→ **YOUR INSTRUCTIONS**:
Beginning with the line below that contains "blue's [livers] x" and ending with the line that contains "Berberis thunbergii ’Ruby Star’", retype every line exactly. Pictures are not copied.

→ **EXERCISE INPUT**:
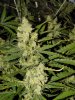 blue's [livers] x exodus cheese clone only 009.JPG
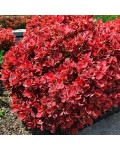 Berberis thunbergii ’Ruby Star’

* * *

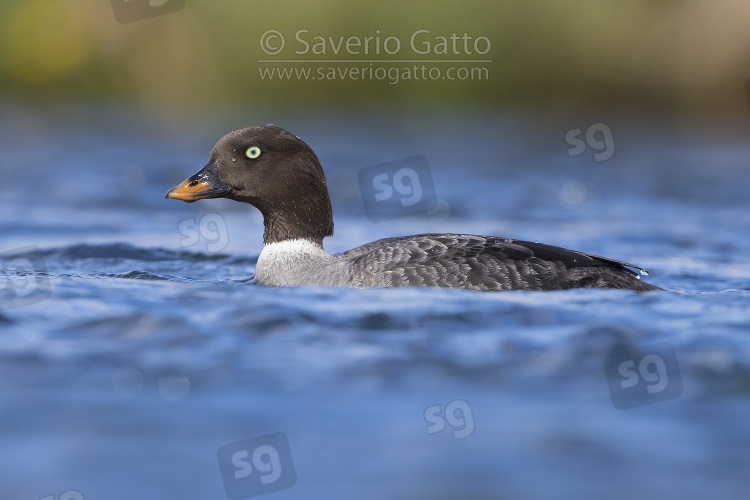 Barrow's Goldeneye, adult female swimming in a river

--

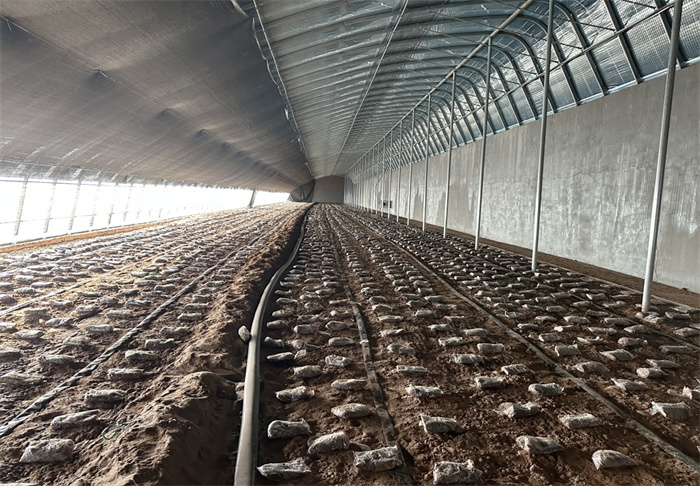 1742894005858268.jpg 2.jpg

→ **RESPONSE FOR THIS EXERCISE**:
 blue's [livers] x exodus cheese clone only 009.JPG
 Berberis thunbergii ’Ruby Star’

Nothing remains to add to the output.